Kevin Lewis

No. 45
- Position: Cornerback

Personal information
- Born: November 14, 1966 (age 59) New Orleans, Louisiana, U.S.
- Listed height: 5 ft 11 in (1.80 m)
- Listed weight: 173 lb (78 kg)

Career information
- High school: Alcée Fortier (New Orleans)
- College: Northwestern State
- NFL draft: 1989: undrafted

Career history
- Phoenix Cardinals (1989)*; San Francisco 49ers (1990–1992);
- * Offseason or practice squad member only

Career NFL statistics
- Interceptions: 3
- Stats at Pro Football Reference

= Kevin Lewis (defensive back) =

American football player (born 1966)

Kevin Lewis (born November 14, 1966) is an American former professional football player who was a cornerback for the San Francisco 49ers and Phoenix Cardinals of the National Football League (NFL). He played college football for the Northwestern State Demons.

== Early life ==
Lewis was born on November 14, 1966, in New Orleans. He played high school football at Alcée Fortier High School alongside other future NFL cornerbacks Maurice Hurst and Aeneas Williams. He earned all-district honors in football and basketball and graduated valedictorian of his class.

== College career ==
Lewis, who was just 5'7" and 146 pounds coming out of high school, persuaded Northwestern State Demon coaches to let him walk on as a cornerback. He played for the Demons from 1985 to 1988.

In 2007, he was inducted into the N-Club Hall of Fame and selected to the Top 100 Demons of the Century roster.

== Professional career ==

=== Phoenix Cardinals ===

Lewis played with the Phoenix Cardinals in 1989. He was released by the team on July 27, 1989.

=== San Francisco 49ers ===

==== 1990 season ====

Lewis signed with the San Francisco 49ers on April 26, 1990. He was released on September 4.

On September 27, he signed again with the 49ers.
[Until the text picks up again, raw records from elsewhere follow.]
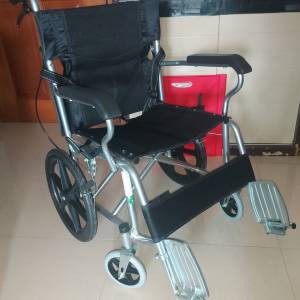 屯門良景輕鐵站交收 摺疊式輪椅
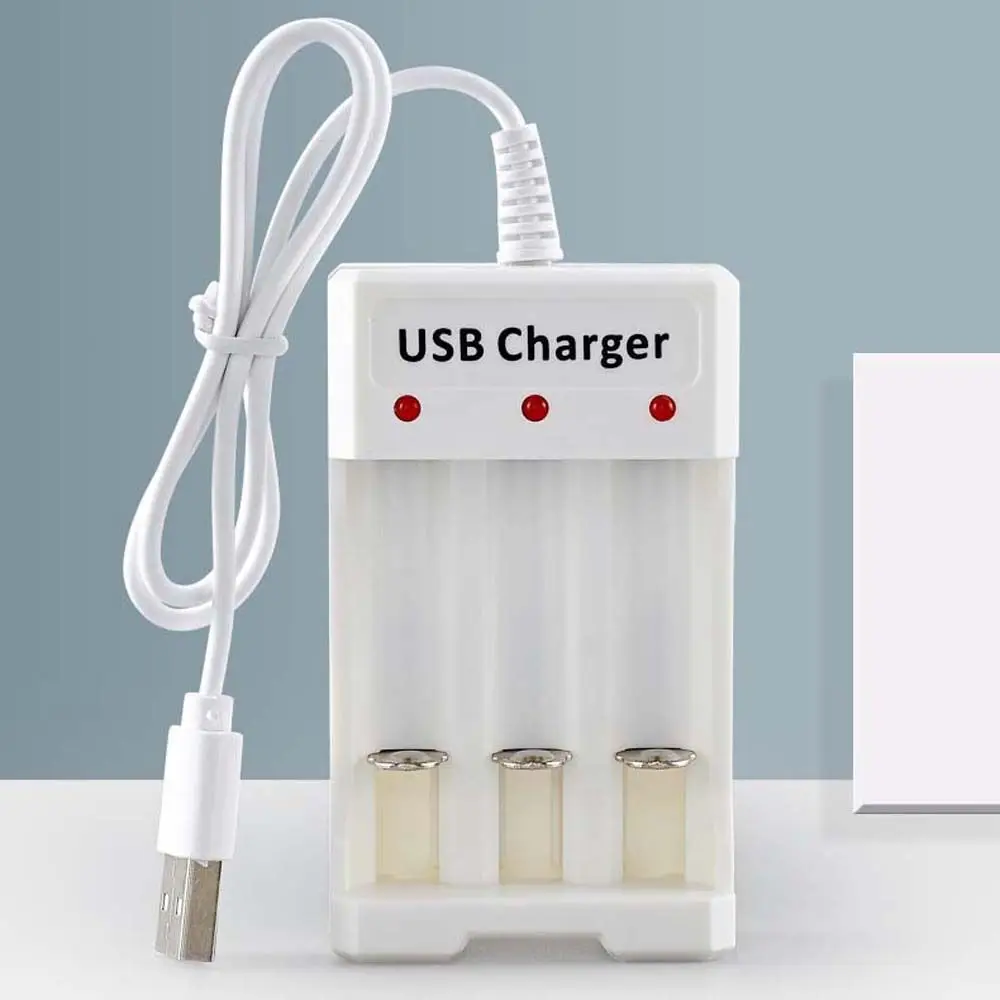 USB Output 4 Slots Battery Charger Short Circuit Protection AAA /AA Rechargeable Battery Charging Station Fast Charging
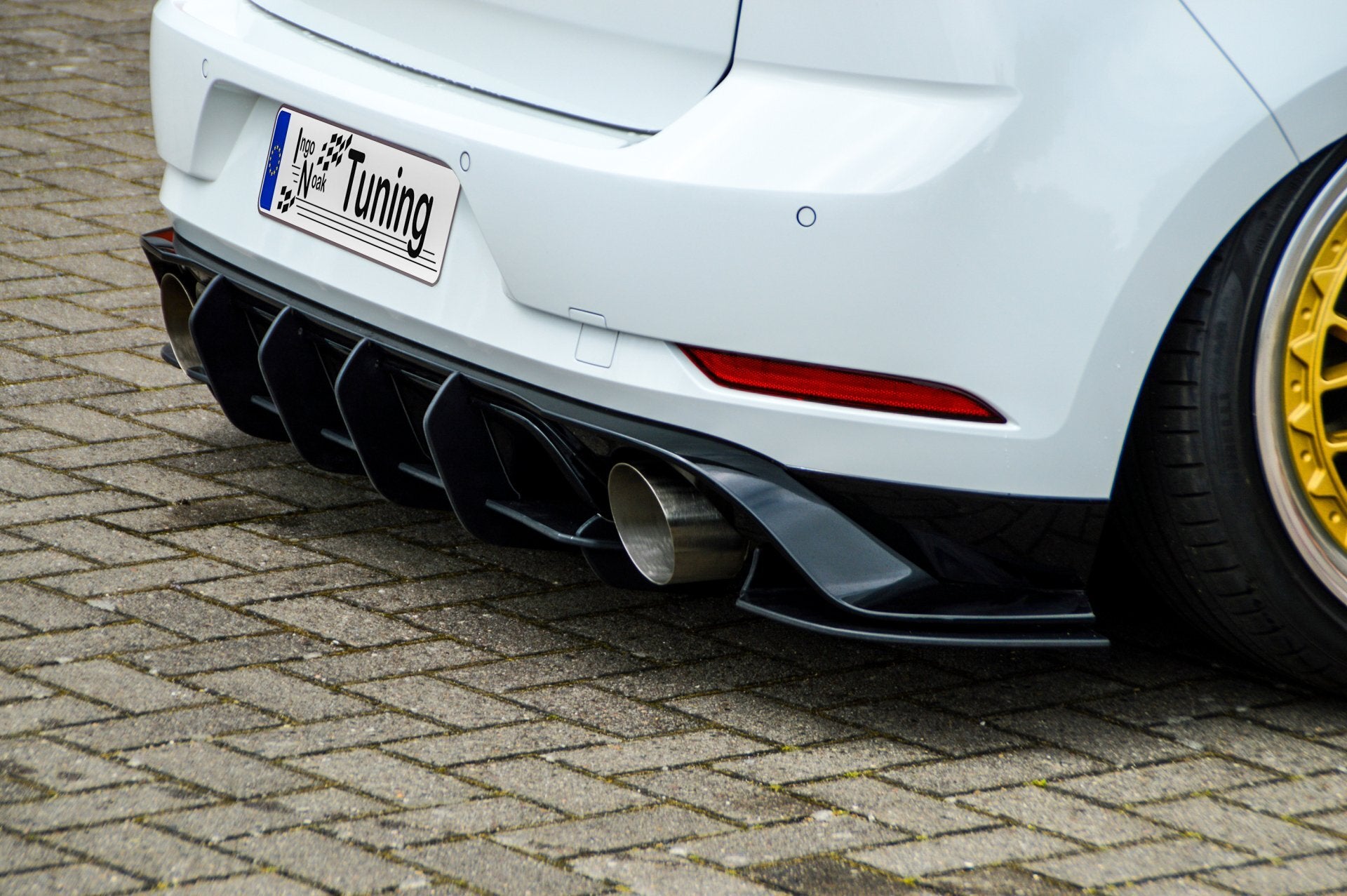 Racing Heckansatz Diffusor mit Seitenteilen für VW Golf 7 GTI TCR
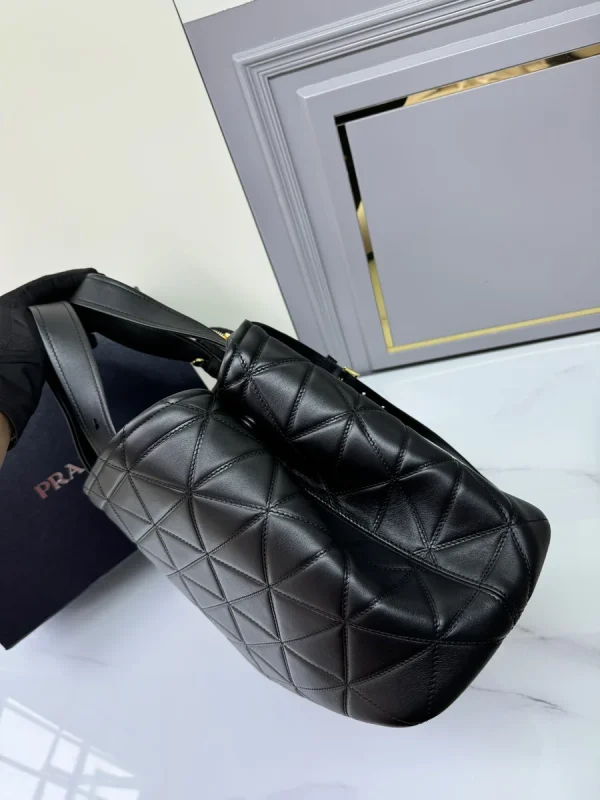 Prada Symbole 1BG547 中號黑色皮革托特包：圖片 7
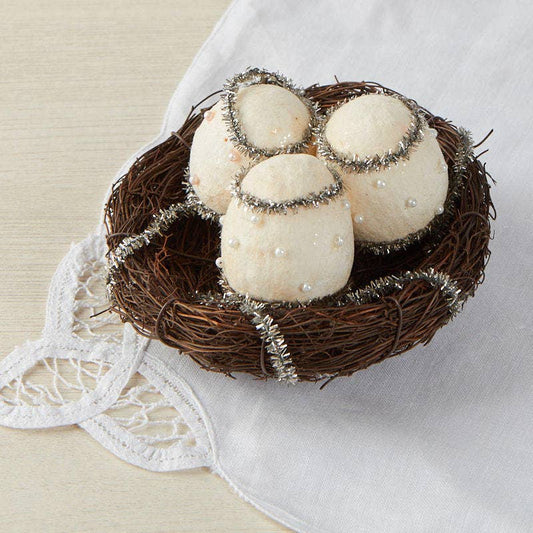 Le Menagerie - Twig Birds Nest with Felted Eggs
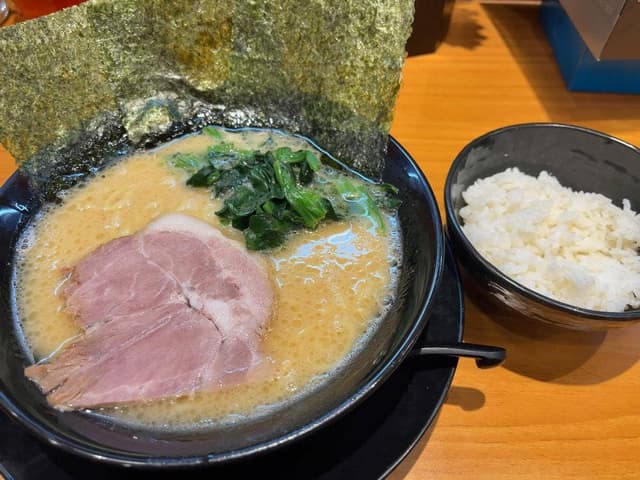家系ラーメン 頂㐂家 阪急伊丹店 - サブ画像1
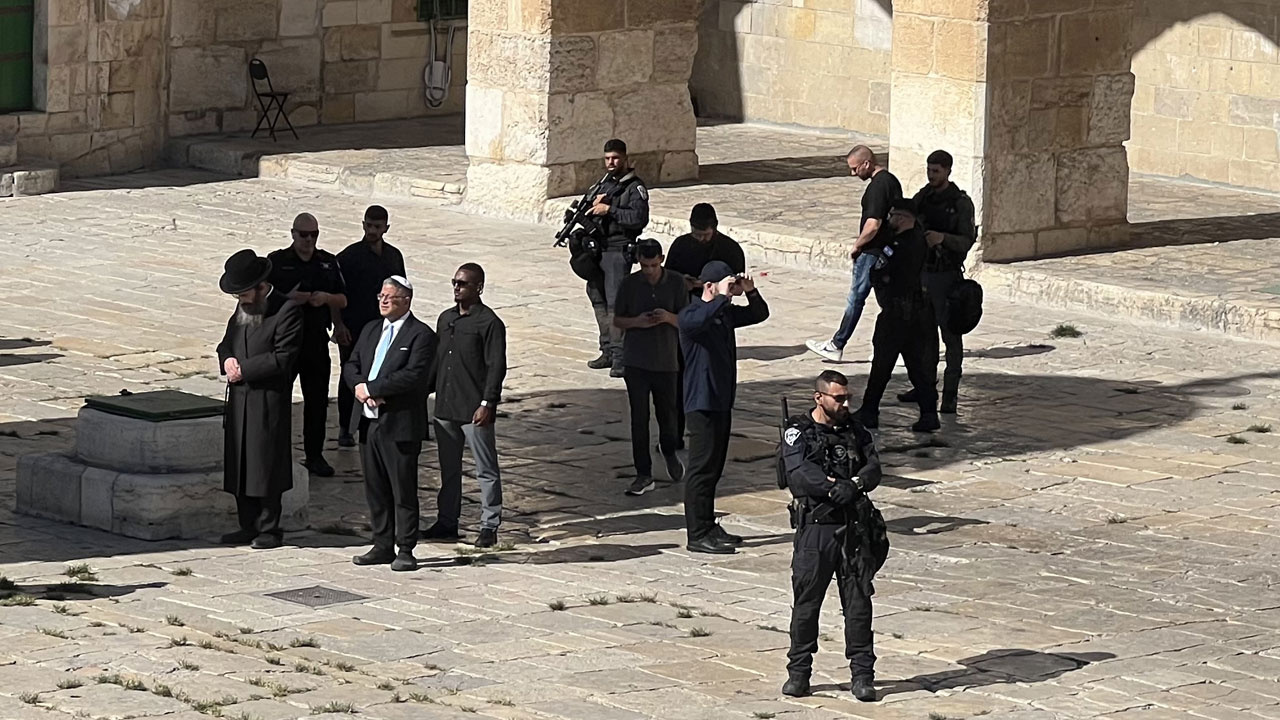 İsrail'in gözü dönmüş bakanı Ben Gvir polis eşliğinde Mescid-i Aksa'yı bastı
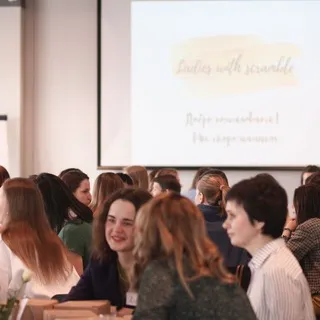 LWS Community | Ladies with scramble
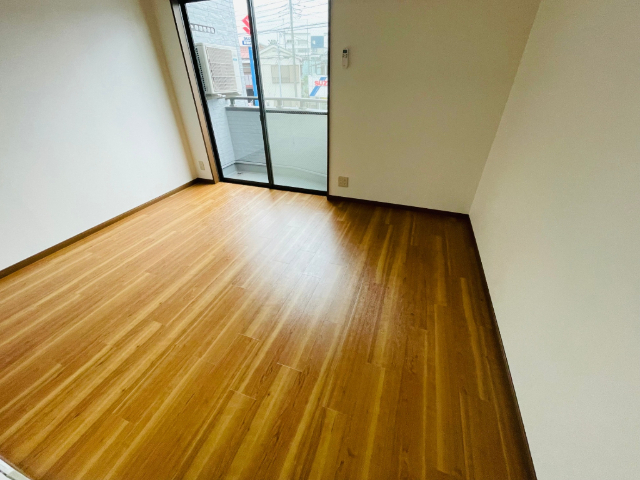 居室・リビング　★６帖の洋室★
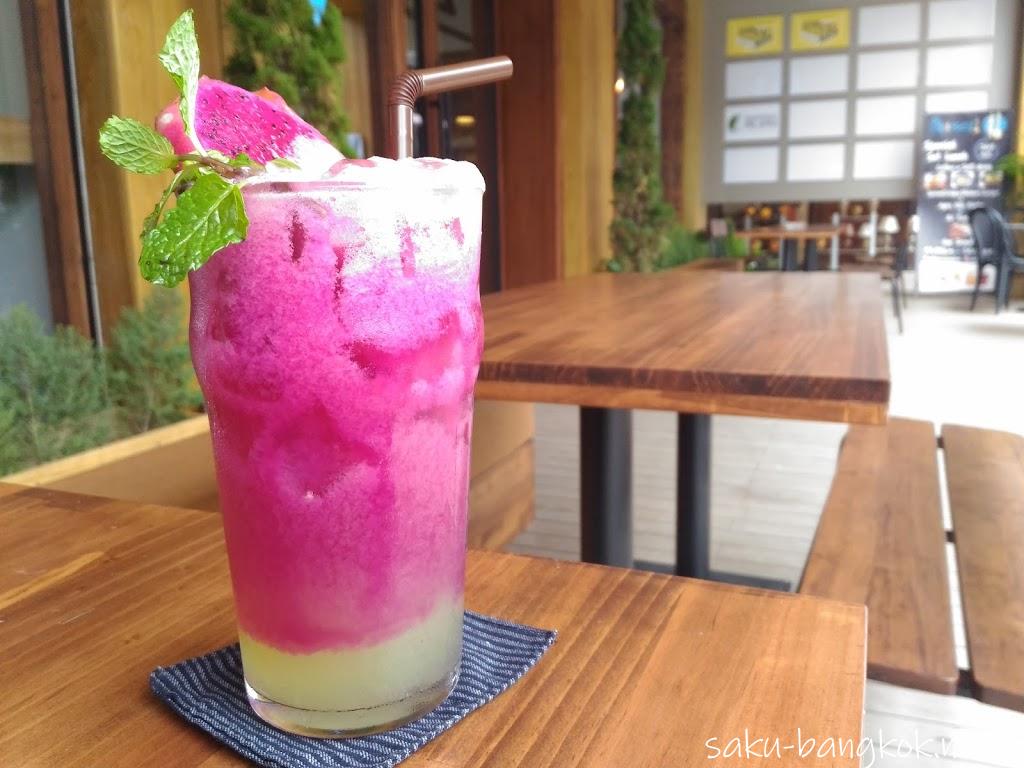 【Patissez(パティセッツ)】開放的なおしゃれカフェ@ Sukhumvit soi 39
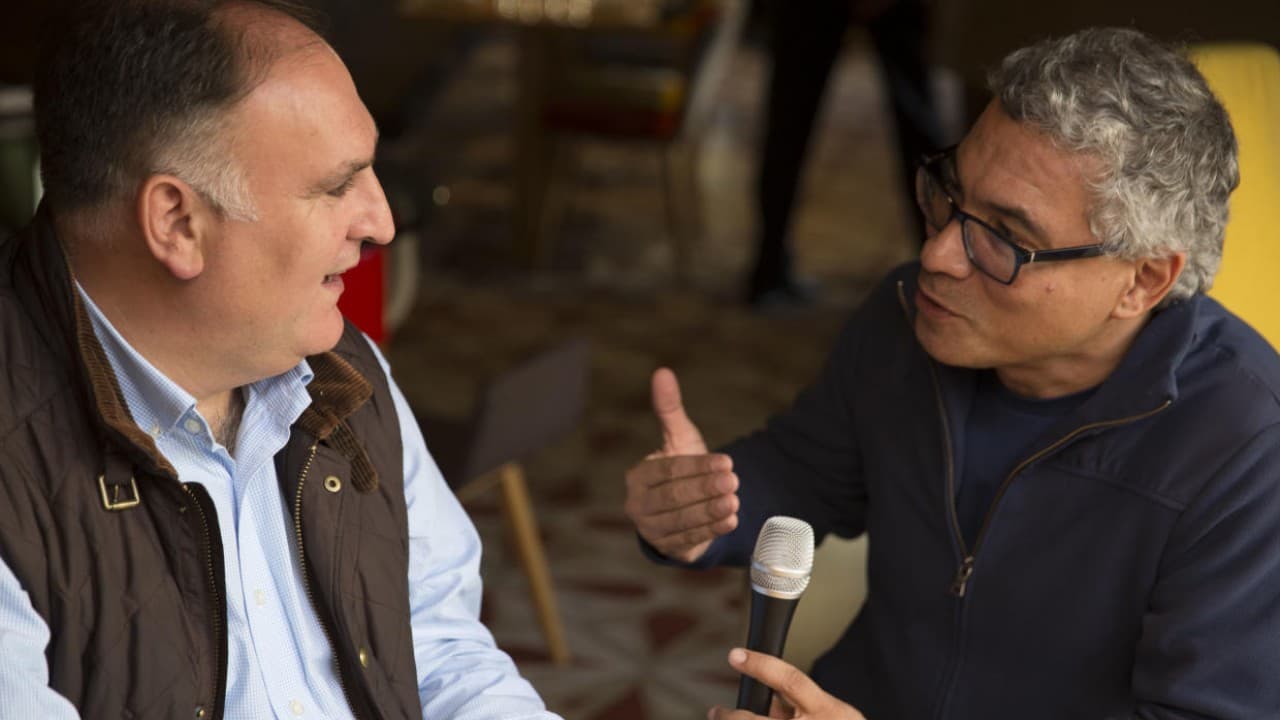 Chef José Andrés: "Lo ilegal es que los congresistas coman ensaladas cultivadas por indocumentados"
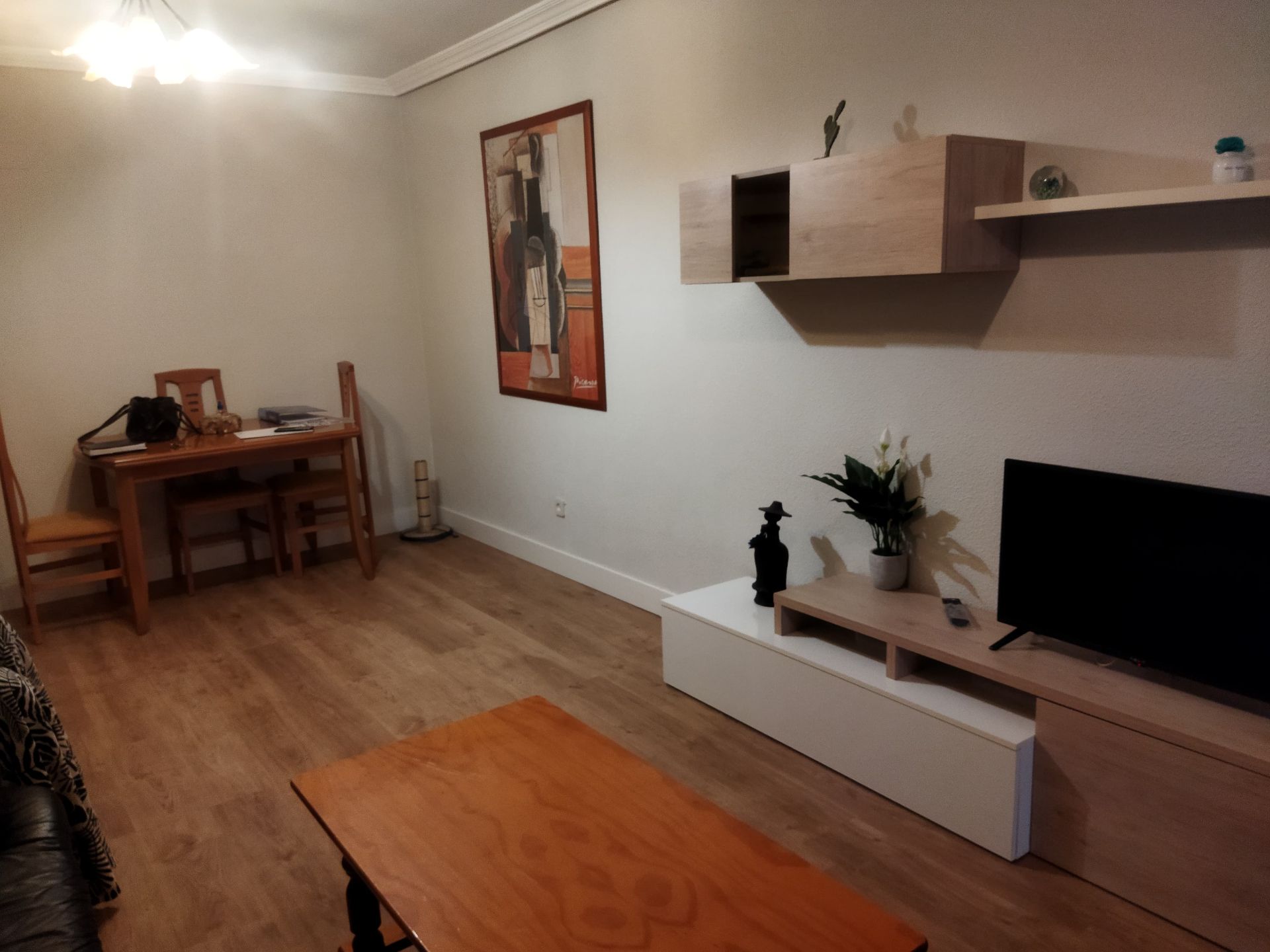 Living room of Flat for sale in Talavera de la Reina  with Air Conditioner, Heating and Parquet flooring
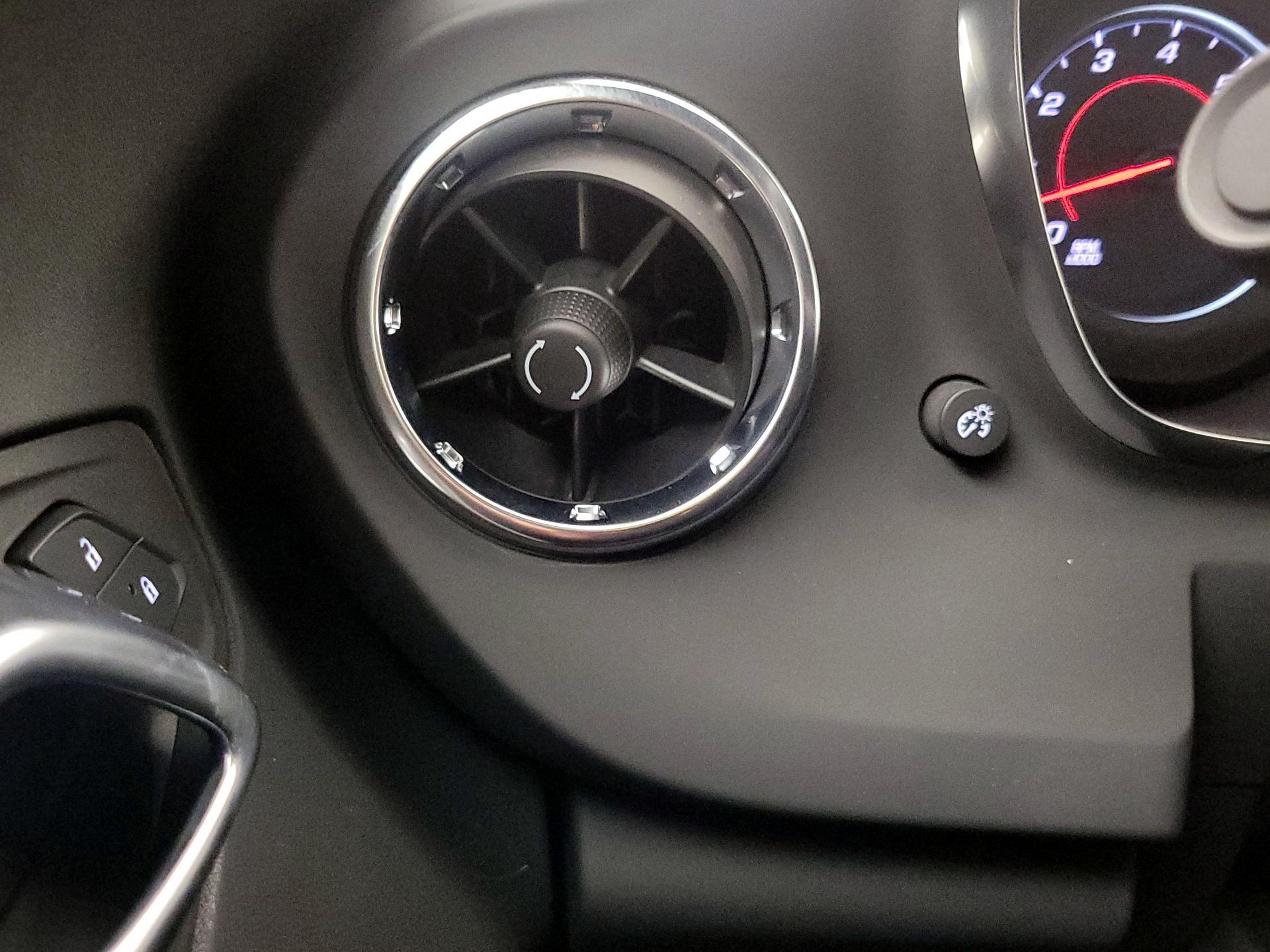 Thumbnail: 2022 Chevrolet Camaro - 13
He played in four games with the team before being released on November 5. However, he signed with the team for a third time on November 23. He then played in the 49ers' next six regular season games, as well as their two postseason appearances, a Divisional Round 28–10 win over the Washington Redskins and a 15–13 loss in the NFC Championship Game to the New York Giants.

Lewis recorded one interception in the 1990 season, which he returned for 28 yards during a 13–10 loss to the New Orleans Saints on December 23, 1990.

==== 1991 season ====

Lewis played in all 16 games in the 1991 season, starting three. His three starts were a September 15 game against the Minnesota Vikings, a September 22 game against the Los Angeles Rams, and a December 8 game against the Seattle Seahawks. In the December 8 game, he was also used for a punt return, the only time he was in that role during an NFL game.

Lewis made two interceptions in 1991. The first was in the aforementioned game against the Vikings, and the second was during the last game of the season, a 52–14 win over the Chicago Bears on December 23. He returned that interception for 20 yards.

==== 1992 season ====

Lewis was injured during the 1992 preseason and put on injured reserve on September 1, less than a week before the beginning of the regular season.

== Personal life ==
Lewis was married to Sarah Lewis, with whom he has children Kevin Lewis Jr., Cameron Lewis, and Makayla Lewis. He is currently married to Kimberley Lewis. Cameron, like his father, played cornerback at Northwestern State. Kevin Lewis lives in Clinton, Mississippi.